The data:
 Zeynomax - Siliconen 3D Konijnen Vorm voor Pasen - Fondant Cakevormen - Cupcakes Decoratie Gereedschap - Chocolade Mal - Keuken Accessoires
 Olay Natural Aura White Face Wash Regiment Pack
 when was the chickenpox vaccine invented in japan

---

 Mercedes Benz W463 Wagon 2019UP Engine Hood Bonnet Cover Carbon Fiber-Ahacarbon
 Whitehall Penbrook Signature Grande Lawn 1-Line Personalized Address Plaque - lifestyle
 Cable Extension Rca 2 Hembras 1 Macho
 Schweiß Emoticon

Work order:
From the records above, quote only the lines running from the line with "Olay Natural Aura" to the line with "when was the", both lines included.

Exercise answer:
 Olay Natural Aura White Face Wash Regiment Pack
 when was the chickenpox vaccine invented in japan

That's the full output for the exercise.